--- START ---

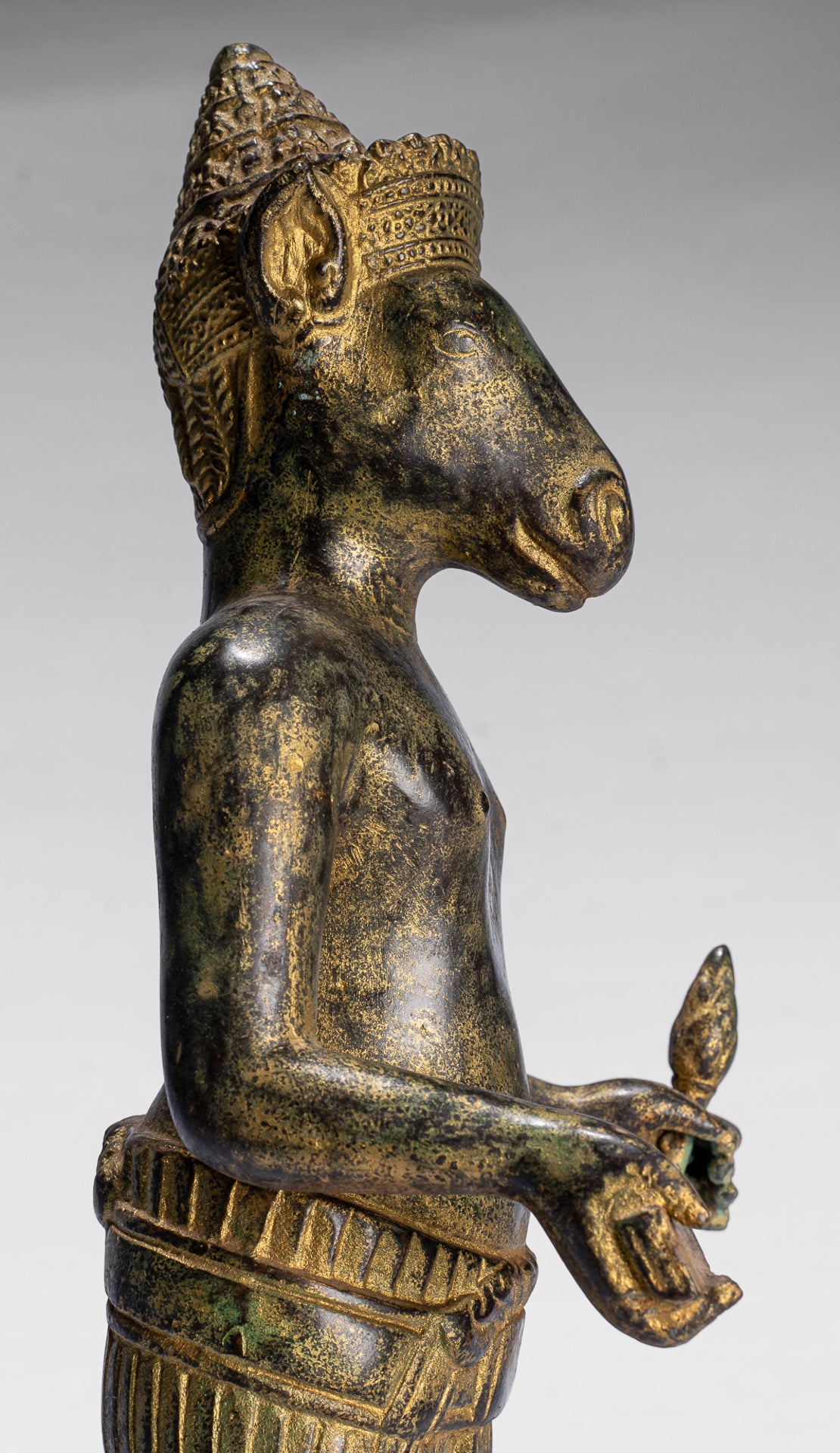 Kalkin Statue - Antique Khmer Style Standing Bronze Hayagriva Kalkin Horse of Vishnu - 47cm/19"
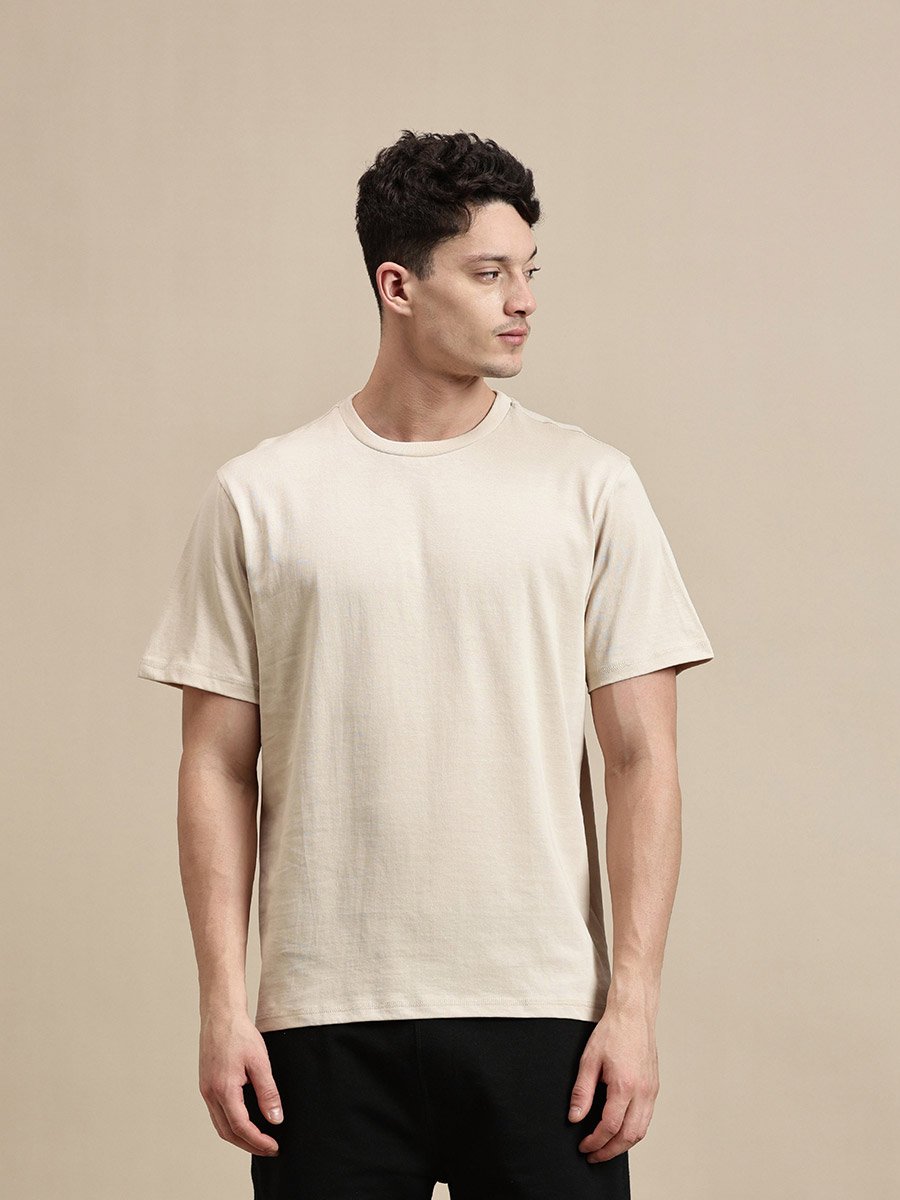 Men Beige Crew Neck 100% Cotton Comfort Fit T-Shirt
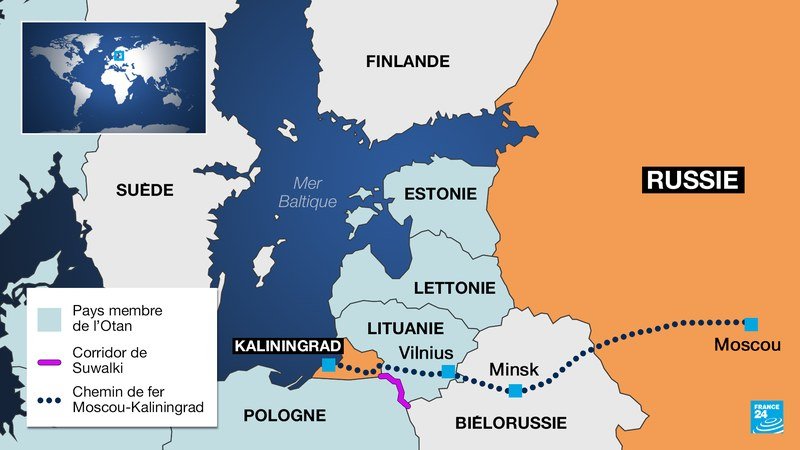 Carte géographique de la Biélorussie et frontières OTAN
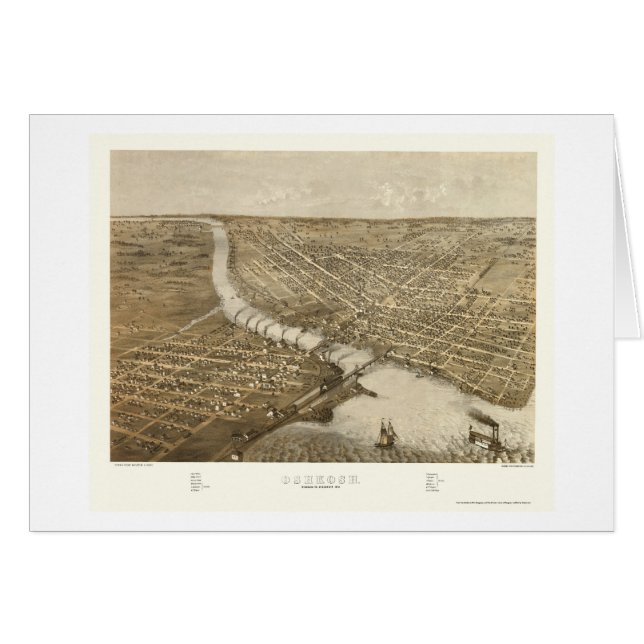 Cartão Oshkosh, mapa panorâmico dos WI - 1887 (Frente Horizontal)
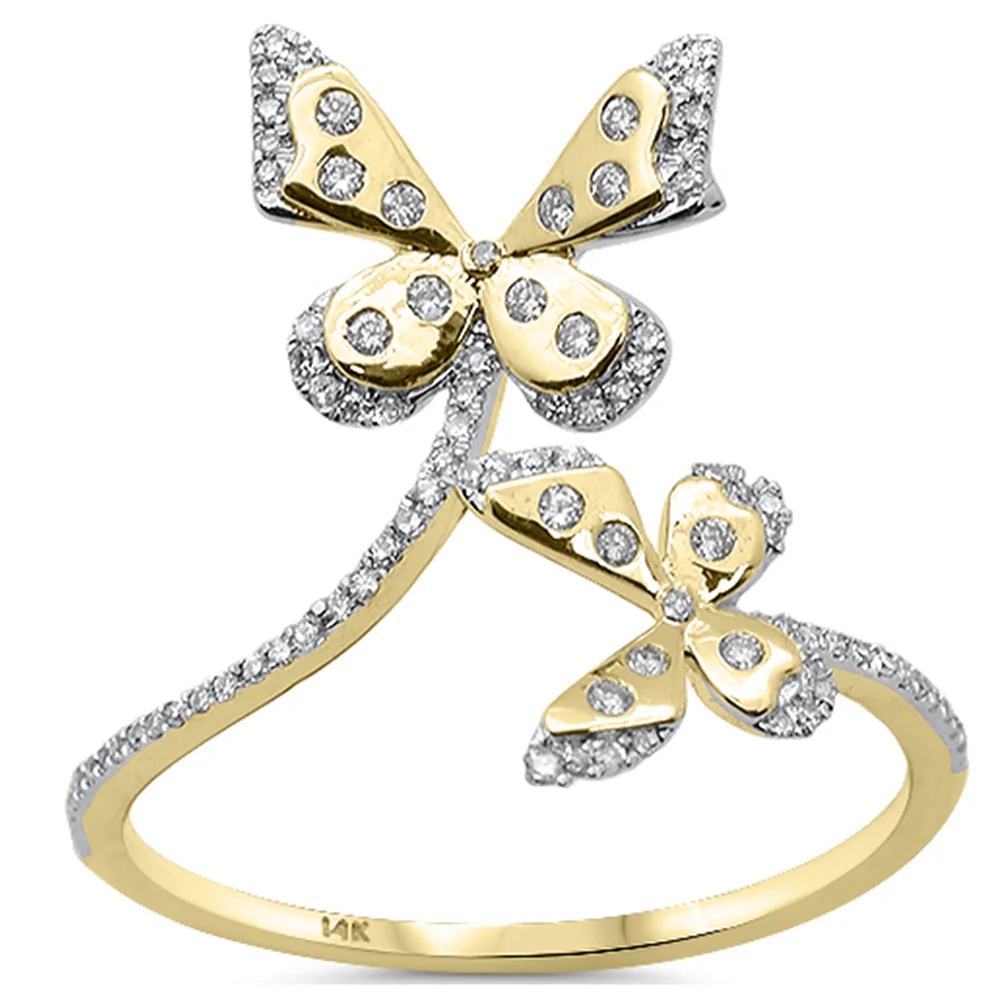 <span style="color:purple">SPECIAL!</span> .18ct G SI 14K Yellow Gold Diamond Butterfly Art Deco Ring Size 6.5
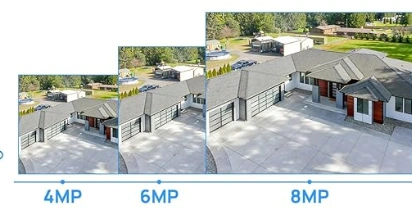 Side-by-side image quality comparison of PTZ cameras with 4MP, 6MP, and 8MP resolution capabilities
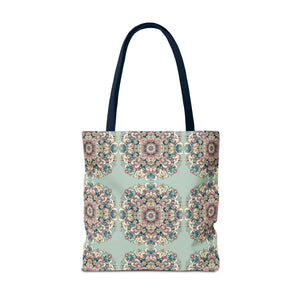 Vibrant Mandala Tote Bag - Sturdy Black Cotton Handles - Dipaliz - Bags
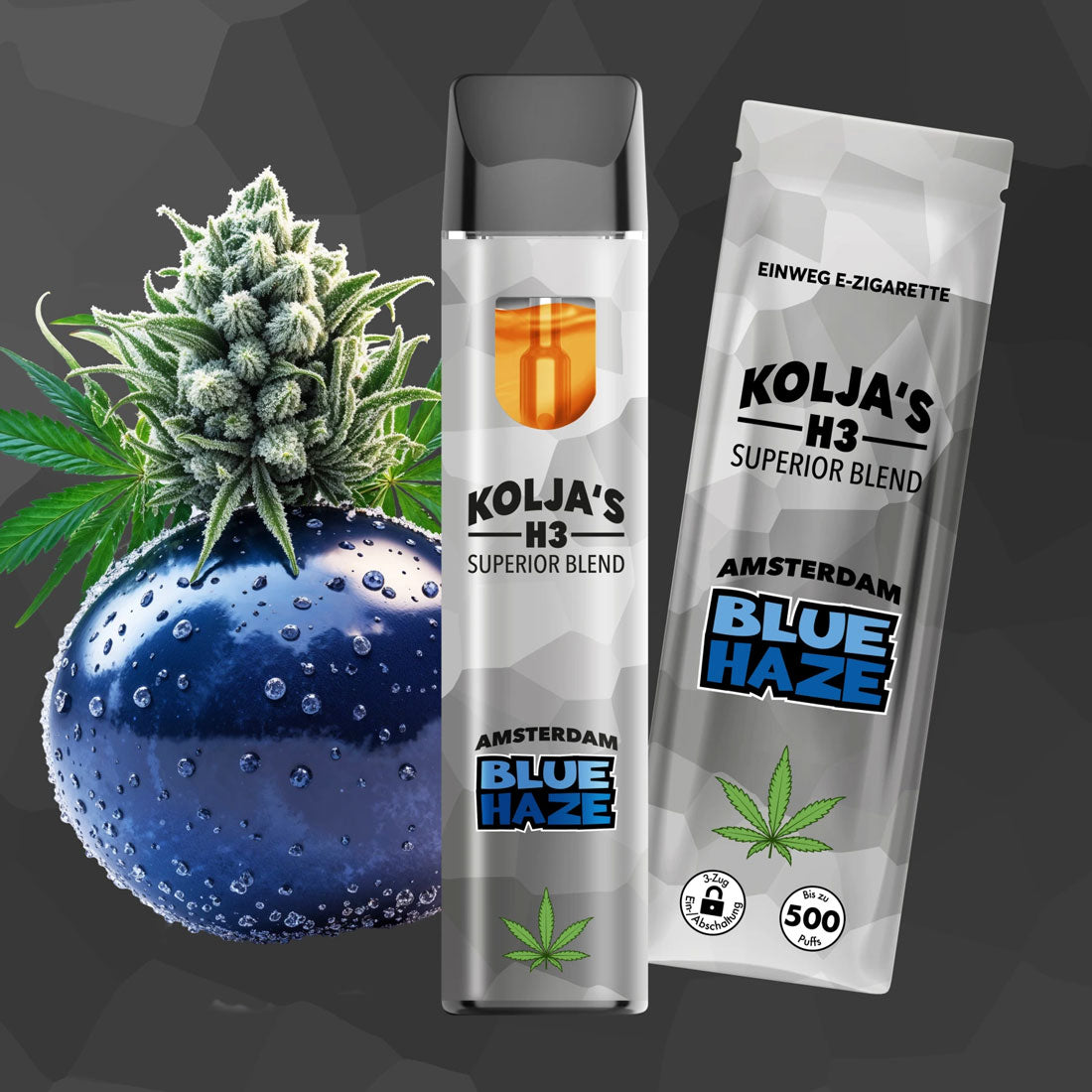 Kolja’s H3 Superior Blend Vape Amsterdam Blue Haze, Einweg Vape mit Verpackung, Blaubeere mit Wassertropfen und Cannabisblüte vor grauem Hintergrund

--- END ---

EXERCISE INSTRUCTIONS:
Could you give the listing again exactly, minus its pictures?

SOLUTION:
 Kalkin Statue - Antique Khmer Style Standing Bronze Hayagriva Kalkin Horse of Vishnu - 47cm/19"
 Men Beige Crew Neck 100% Cotton Comfort Fit T-Shirt
 Carte géographique de la Biélorussie et frontières OTAN
 Cartão Oshkosh, mapa panorâmico dos WI - 1887 (Frente Horizontal)
 <span style="color:purple">SPECIAL!</span> .18ct G SI 14K Yellow Gold Diamond Butterfly Art Deco Ring Size 6.5
 Side-by-side image quality comparison of PTZ cameras with 4MP, 6MP, and 8MP resolution capabilities
 Vibrant Mandala Tote Bag - Sturdy Black Cotton Handles - Dipaliz - Bags
 Kolja’s H3 Superior Blend Vape Amsterdam Blue Haze, Einweg Vape mit Verpackung, Blaubeere mit Wassertropfen und Cannabisblüte vor grauem Hintergrund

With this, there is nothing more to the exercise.